## Work item
Under this line are records; the part from the line containing "1 Set Rug Gripper" through the line containing "Non-Slip Silicone Parrot" should be repeated exactly. Please exclude pictures.

## The records

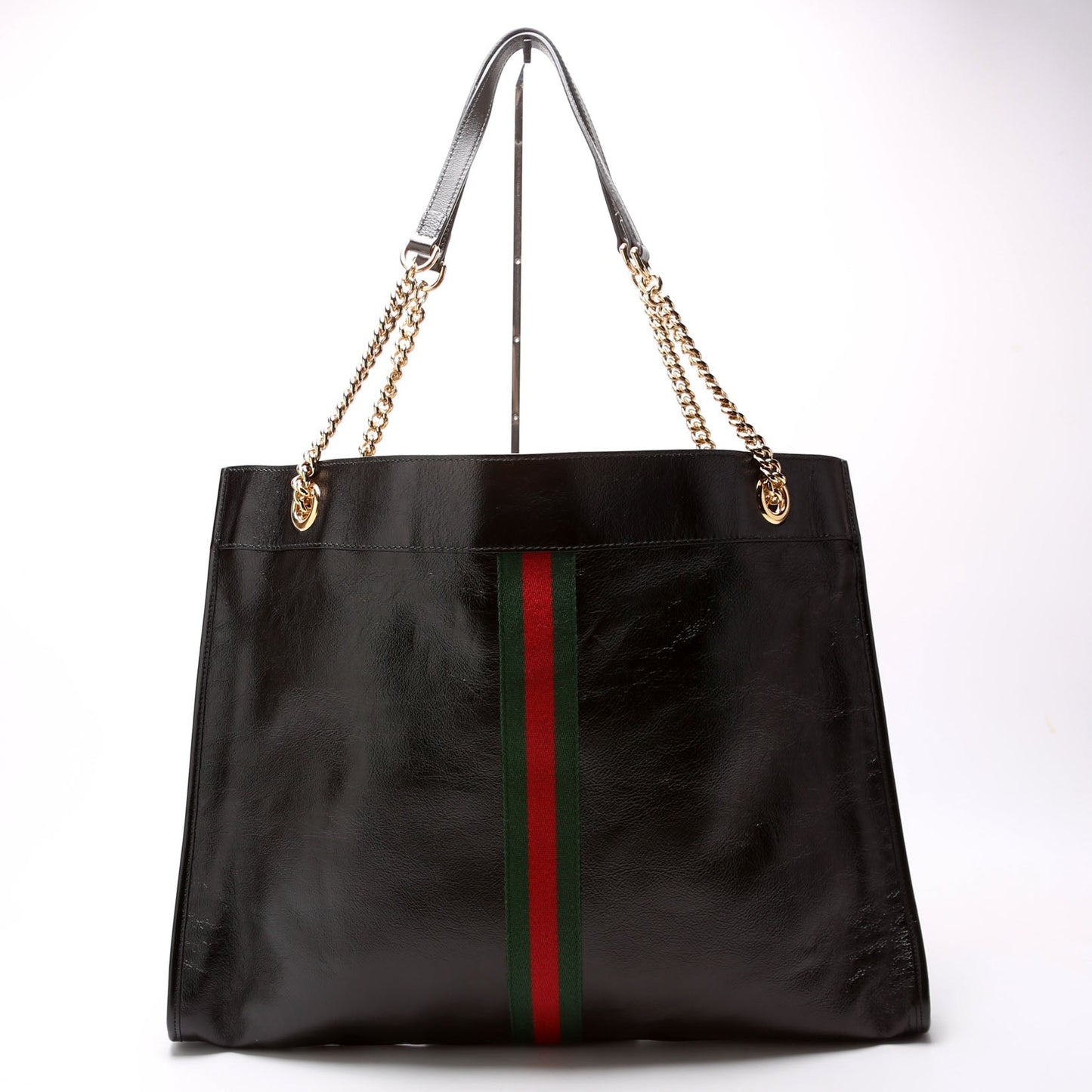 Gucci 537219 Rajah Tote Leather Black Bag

==

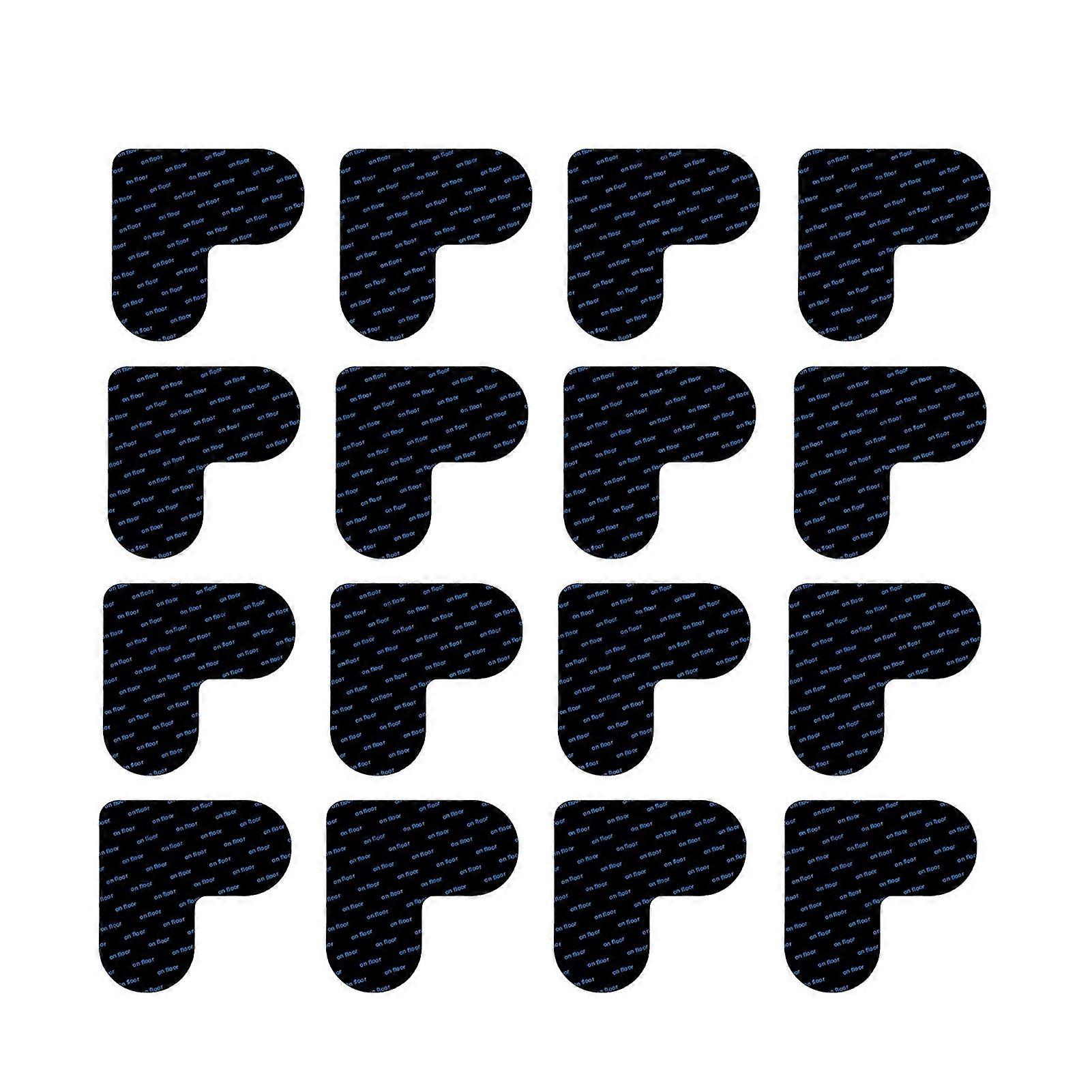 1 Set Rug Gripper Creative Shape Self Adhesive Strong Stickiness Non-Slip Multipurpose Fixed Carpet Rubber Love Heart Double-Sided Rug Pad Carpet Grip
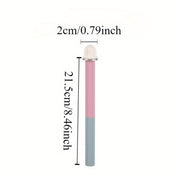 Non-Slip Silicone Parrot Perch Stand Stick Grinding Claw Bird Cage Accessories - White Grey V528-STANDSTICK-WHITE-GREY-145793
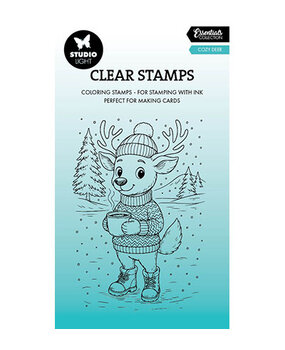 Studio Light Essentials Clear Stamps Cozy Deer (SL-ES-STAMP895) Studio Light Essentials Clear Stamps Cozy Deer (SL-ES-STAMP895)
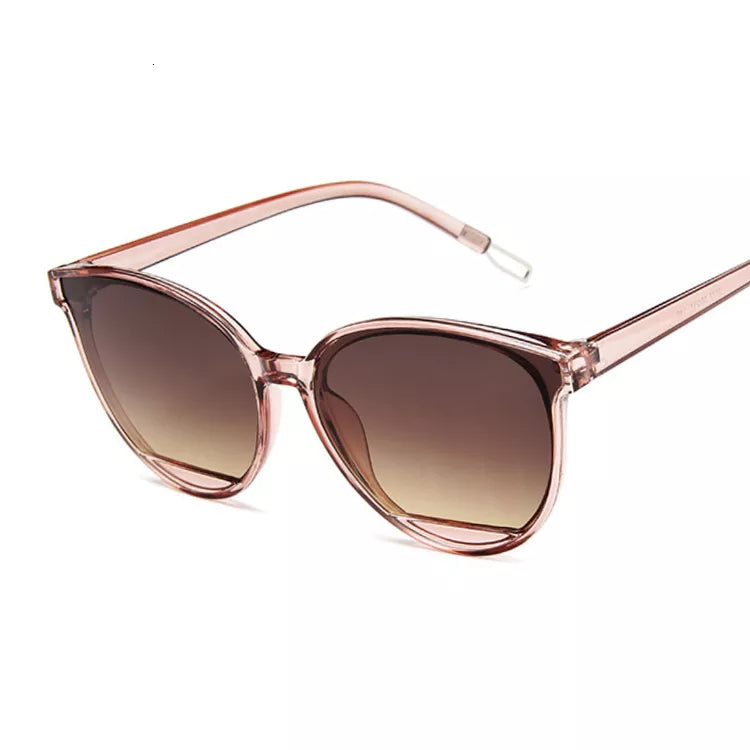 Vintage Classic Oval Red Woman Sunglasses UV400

## Result of this task
 1 Set Rug Gripper Creative Shape Self Adhesive Strong Stickiness Non-Slip Multipurpose Fixed Carpet Rubber Love Heart Double-Sided Rug Pad Carpet Grip
 Non-Slip Silicone Parrot Perch Stand Stick Grinding Claw Bird Cage Accessories - White Grey V528-STANDSTICK-WHITE-GREY-145793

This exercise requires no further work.